> What needs to be done: The answer must be an exact transcription of the lines below from the first through the one containing "A C Fourier", with the pictures left out; please add nothing else.

[Web page caption snippets]

# # # #

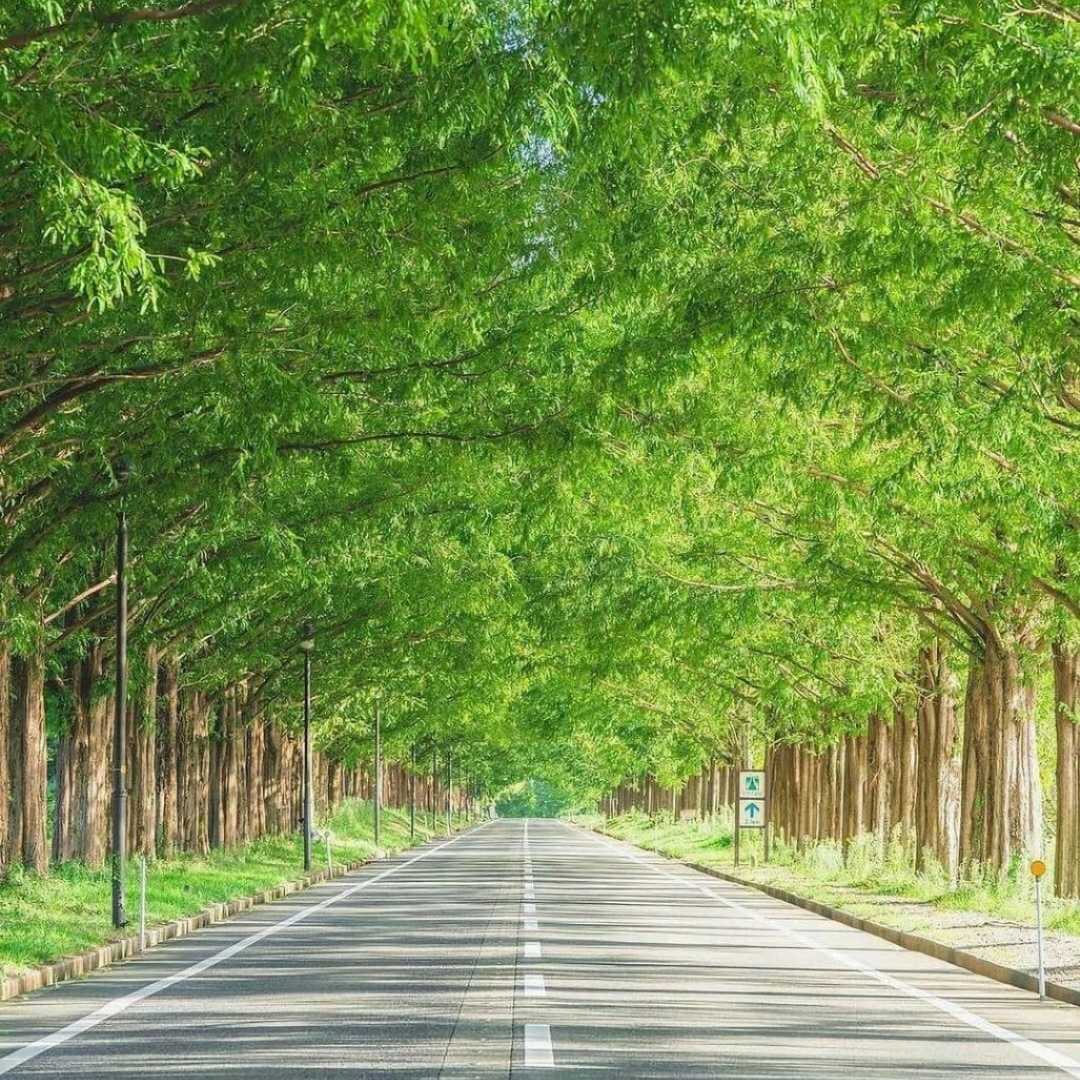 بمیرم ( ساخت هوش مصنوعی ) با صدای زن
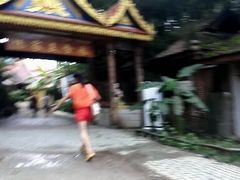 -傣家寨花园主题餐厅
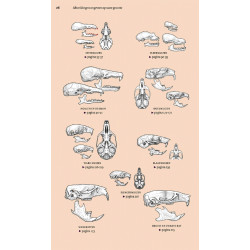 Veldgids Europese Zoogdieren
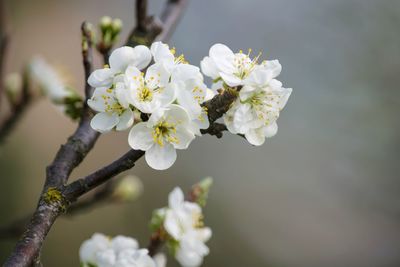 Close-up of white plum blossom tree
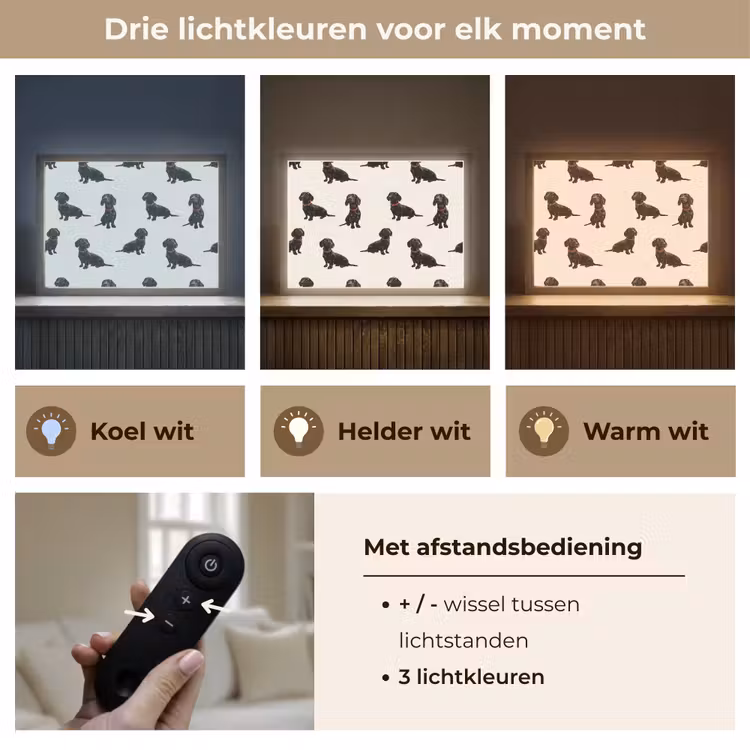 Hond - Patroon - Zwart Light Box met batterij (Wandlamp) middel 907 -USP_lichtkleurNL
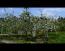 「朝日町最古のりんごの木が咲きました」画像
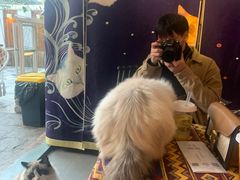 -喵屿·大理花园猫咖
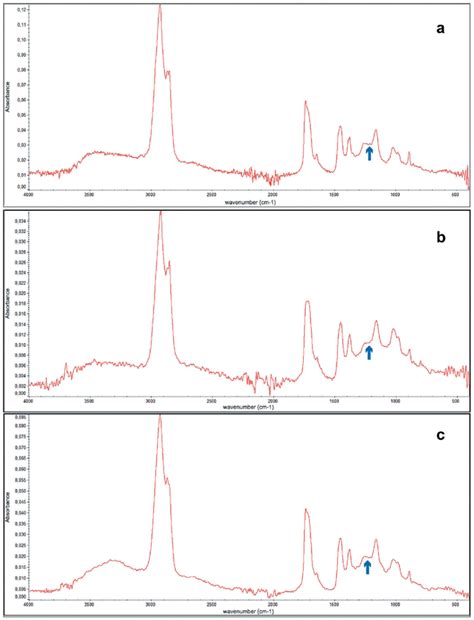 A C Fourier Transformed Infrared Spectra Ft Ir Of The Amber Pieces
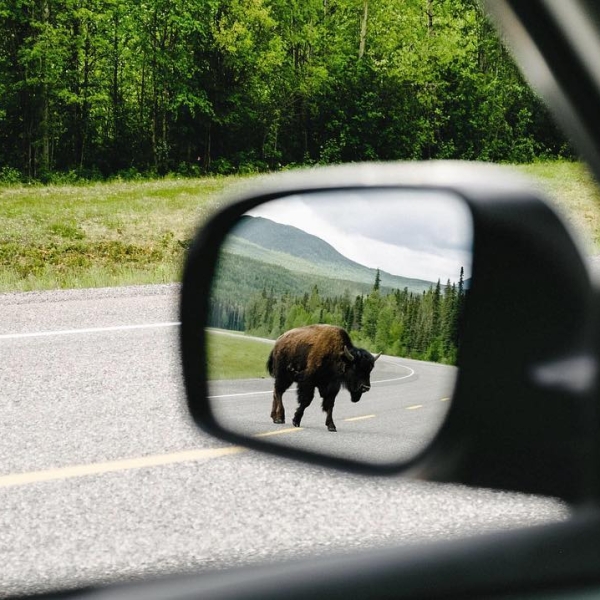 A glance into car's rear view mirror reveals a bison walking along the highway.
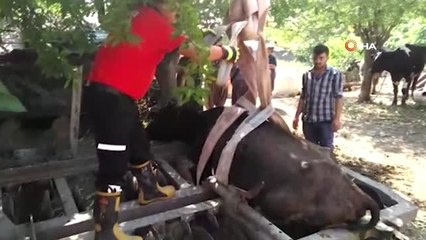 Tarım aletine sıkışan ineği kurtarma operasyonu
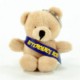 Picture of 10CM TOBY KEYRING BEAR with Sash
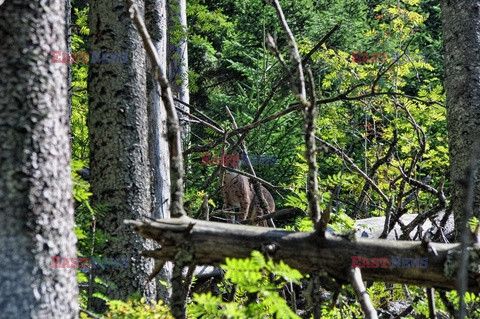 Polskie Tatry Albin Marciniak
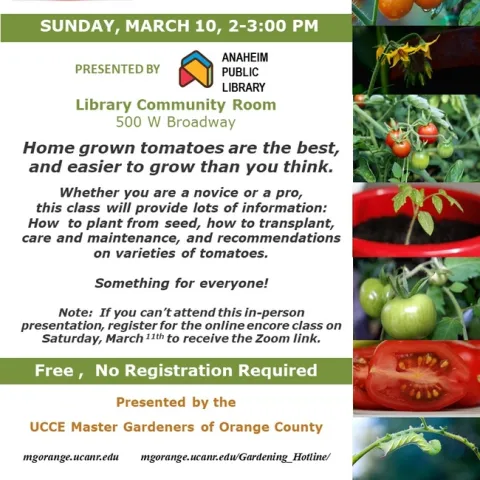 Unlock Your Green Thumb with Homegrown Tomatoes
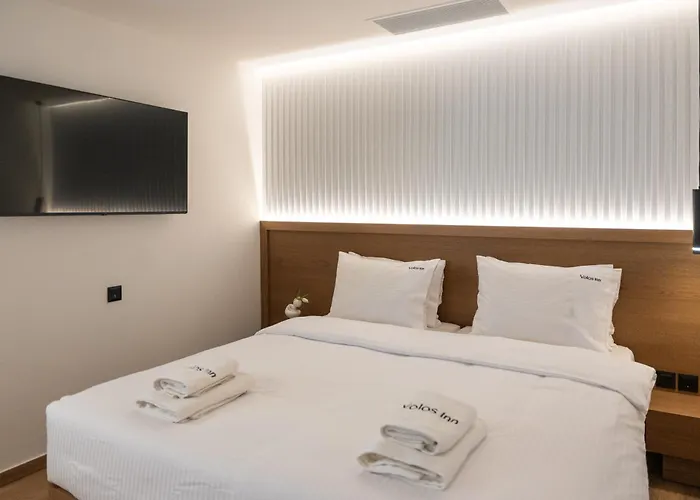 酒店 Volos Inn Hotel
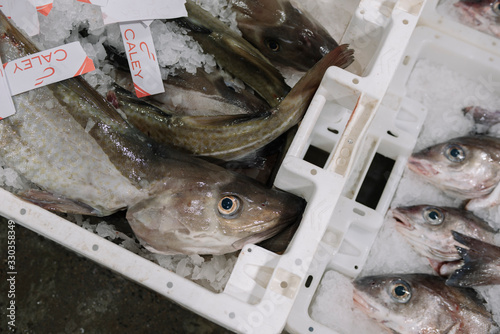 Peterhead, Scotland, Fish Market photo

# # # #

> Result for this exercise:
 بمیرم ( ساخت هوش مصنوعی ) با صدای زن
 -傣家寨花园主题餐厅
 Veldgids Europese Zoogdieren
 Close-up of white plum blossom tree
 Hond - Patroon - Zwart Light Box met batterij (Wandlamp) middel 907 -USP_lichtkleurNL
 「朝日町最古のりんごの木が咲きました」画像
 -喵屿·大理花园猫咖
 A C Fourier Transformed Infrared Spectra Ft Ir Of The Amber Pieces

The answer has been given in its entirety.